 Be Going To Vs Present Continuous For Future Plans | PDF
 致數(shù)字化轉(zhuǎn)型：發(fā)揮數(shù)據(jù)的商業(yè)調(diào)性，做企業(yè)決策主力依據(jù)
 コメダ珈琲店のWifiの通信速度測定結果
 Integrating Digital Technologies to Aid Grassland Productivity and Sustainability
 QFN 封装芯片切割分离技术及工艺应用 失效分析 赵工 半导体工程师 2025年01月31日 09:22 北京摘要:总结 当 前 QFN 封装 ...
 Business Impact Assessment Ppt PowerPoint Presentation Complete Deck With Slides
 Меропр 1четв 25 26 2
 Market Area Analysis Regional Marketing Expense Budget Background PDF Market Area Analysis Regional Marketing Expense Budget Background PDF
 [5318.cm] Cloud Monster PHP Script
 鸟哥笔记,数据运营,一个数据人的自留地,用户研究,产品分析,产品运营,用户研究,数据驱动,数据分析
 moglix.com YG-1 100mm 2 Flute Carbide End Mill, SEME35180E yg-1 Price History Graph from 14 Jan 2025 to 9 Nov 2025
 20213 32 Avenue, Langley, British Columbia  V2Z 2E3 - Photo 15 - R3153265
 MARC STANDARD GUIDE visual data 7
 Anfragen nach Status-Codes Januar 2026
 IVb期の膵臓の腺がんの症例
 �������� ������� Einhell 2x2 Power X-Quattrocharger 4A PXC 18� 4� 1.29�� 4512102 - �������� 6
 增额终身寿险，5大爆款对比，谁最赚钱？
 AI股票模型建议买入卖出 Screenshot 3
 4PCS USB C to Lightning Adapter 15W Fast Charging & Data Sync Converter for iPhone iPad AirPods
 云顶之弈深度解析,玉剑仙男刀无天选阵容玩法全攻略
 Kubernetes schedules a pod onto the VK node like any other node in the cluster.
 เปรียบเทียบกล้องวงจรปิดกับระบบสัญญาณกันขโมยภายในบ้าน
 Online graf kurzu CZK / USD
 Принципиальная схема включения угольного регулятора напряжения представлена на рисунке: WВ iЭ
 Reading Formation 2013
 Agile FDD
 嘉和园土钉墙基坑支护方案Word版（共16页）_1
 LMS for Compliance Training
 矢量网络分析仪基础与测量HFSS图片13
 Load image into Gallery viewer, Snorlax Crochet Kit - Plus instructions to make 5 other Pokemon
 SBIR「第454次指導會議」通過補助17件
────────────────────
Working from the records above, write out verbatim only the lines from the line containing "20213 32 Avenue, Langley, British" through the line containing "Online graf kurzu CZK / USD".

 20213 32 Avenue, Langley, British Columbia  V2Z 2E3 - Photo 15 - R3153265
 MARC STANDARD GUIDE visual data 7
 Anfragen nach Status-Codes Januar 2026
 IVb期の膵臓の腺がんの症例
 �������� ������� Einhell 2x2 Power X-Quattrocharger 4A PXC 18� 4� 1.29�� 4512102 - �������� 6
 增额终身寿险，5大爆款对比，谁最赚钱？
 AI股票模型建议买入卖出 Screenshot 3
 4PCS USB C to Lightning Adapter 15W Fast Charging & Data Sync Converter for iPhone iPad AirPods
 云顶之弈深度解析,玉剑仙男刀无天选阵容玩法全攻略
 Kubernetes schedules a pod onto the VK node like any other node in the cluster.
 เปรียบเทียบกล้องวงจรปิดกับระบบสัญญาณกันขโมยภายในบ้าน
 Online graf kurzu CZK / USD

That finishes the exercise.